(Records drawn from a dataset)
========================================

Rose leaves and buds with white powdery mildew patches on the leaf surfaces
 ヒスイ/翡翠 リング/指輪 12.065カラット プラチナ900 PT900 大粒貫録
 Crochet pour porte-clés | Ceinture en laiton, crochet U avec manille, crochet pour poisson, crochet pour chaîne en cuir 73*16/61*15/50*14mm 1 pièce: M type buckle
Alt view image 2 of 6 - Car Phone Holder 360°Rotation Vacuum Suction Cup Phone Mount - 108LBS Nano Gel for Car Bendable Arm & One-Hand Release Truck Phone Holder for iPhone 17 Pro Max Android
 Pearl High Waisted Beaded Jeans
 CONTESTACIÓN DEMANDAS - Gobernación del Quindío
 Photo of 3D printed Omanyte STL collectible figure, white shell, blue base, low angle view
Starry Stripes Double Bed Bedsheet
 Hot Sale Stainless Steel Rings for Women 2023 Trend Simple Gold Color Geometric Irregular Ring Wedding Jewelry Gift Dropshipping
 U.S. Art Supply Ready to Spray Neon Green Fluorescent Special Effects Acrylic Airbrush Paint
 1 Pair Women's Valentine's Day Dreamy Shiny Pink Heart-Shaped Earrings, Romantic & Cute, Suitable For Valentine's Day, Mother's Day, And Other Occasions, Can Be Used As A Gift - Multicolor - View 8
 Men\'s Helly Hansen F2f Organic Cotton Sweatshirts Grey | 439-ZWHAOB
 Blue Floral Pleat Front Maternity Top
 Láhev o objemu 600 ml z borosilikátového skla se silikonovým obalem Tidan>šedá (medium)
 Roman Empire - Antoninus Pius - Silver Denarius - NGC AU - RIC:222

========================================

Task objective: Where a line above holds the string "Gift", copy that line.

Written solution:
 Hot Sale Stainless Steel Rings for Women 2023 Trend Simple Gold Color Geometric Irregular Ring Wedding Jewelry Gift Dropshipping
 1 Pair Women's Valentine's Day Dreamy Shiny Pink Heart-Shaped Earrings, Romantic & Cute, Suitable For Valentine's Day, Mother's Day, And Other Occasions, Can Be Used As A Gift - Multicolor - View 8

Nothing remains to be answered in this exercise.